New research from the Royal United Services Institute (RUSI) shows that the Russian military remains heavily dependent on Western-made equipment to continue its war efforts in Ukraine.
RUSI conducted on-the-ground research in Ukraine, examining 27 of Russia’s most modern military systems and discovering at least 450 different kinds of foreign-made components being used in them – around 80 of which are subject to export controls.
The majority of these components came from the US, with the remainder coming from countries such as Japan, Switzerland and the Netherlands.
Only five components made in the UK were discovered inside the recovered weapons, according to the Telegraph.
“Much of Russia’s procurement of Western microelectronics for military purposes involved the use of false end-user certificates, front companies and trans-shipments,” the report asserts.
The IOE&IT's Daily Update reported on previous RUSI warnings about supply-chain due diligence in May this year, following the discovery of ‘dual use’ items from the west in Russian military gear abandoned on the battlefield.
A full, up-to-date HM Government list of export restrictions applying to UK companies when trading with Russia can be found here.
The report emphasises that “third-country trans-shipment hubs and clandestine networks operated by Russia’s special services” are being used to circumvent sanctions and export controls.

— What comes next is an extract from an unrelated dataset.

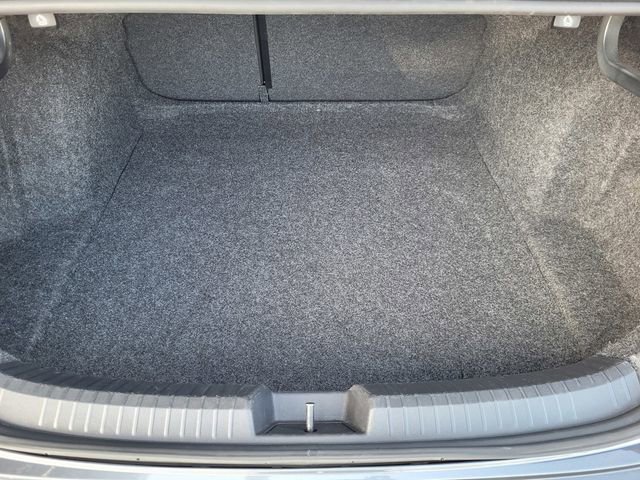 Used 2024 Volkswagen Jetta SE FWD image 19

Several manufacturers have told Reuters that they have started internal investigations after the news agency provided customs data showing thousands of recent shipments to Russia carrying their products to third-party sellers.
According to the Times, one of the recommendations of the report was that the government review and strengthen existing export controls, as well as take measures against the clandestine supply chains.

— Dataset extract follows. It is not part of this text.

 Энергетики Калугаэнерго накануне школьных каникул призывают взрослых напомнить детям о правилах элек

"The time to act is now," says the Rusi report. “The degradation in Russian military capability could be made permanent if appropriate policies are implemented.”
Due diligence key
Speaking to the IOE&IT Daily Update today (8 August), Roger Arthey, chair of the IOE&IT’s Export Control Profession, said that parts may not have been deliberately sold by western-based companies to Russia, but could have been re-exported from a third country.
“This demonstrates the importance of exporting companies and organisations knowing about export controls, understanding how they apply to their business, and having robust systems in place for ensuring compliance,” he said.
"One of the key elements of an export control system, or an Internal Compliance Programme, is having a way of identifying 'red flags'. These may be suspicious enquiries or purchases," he added.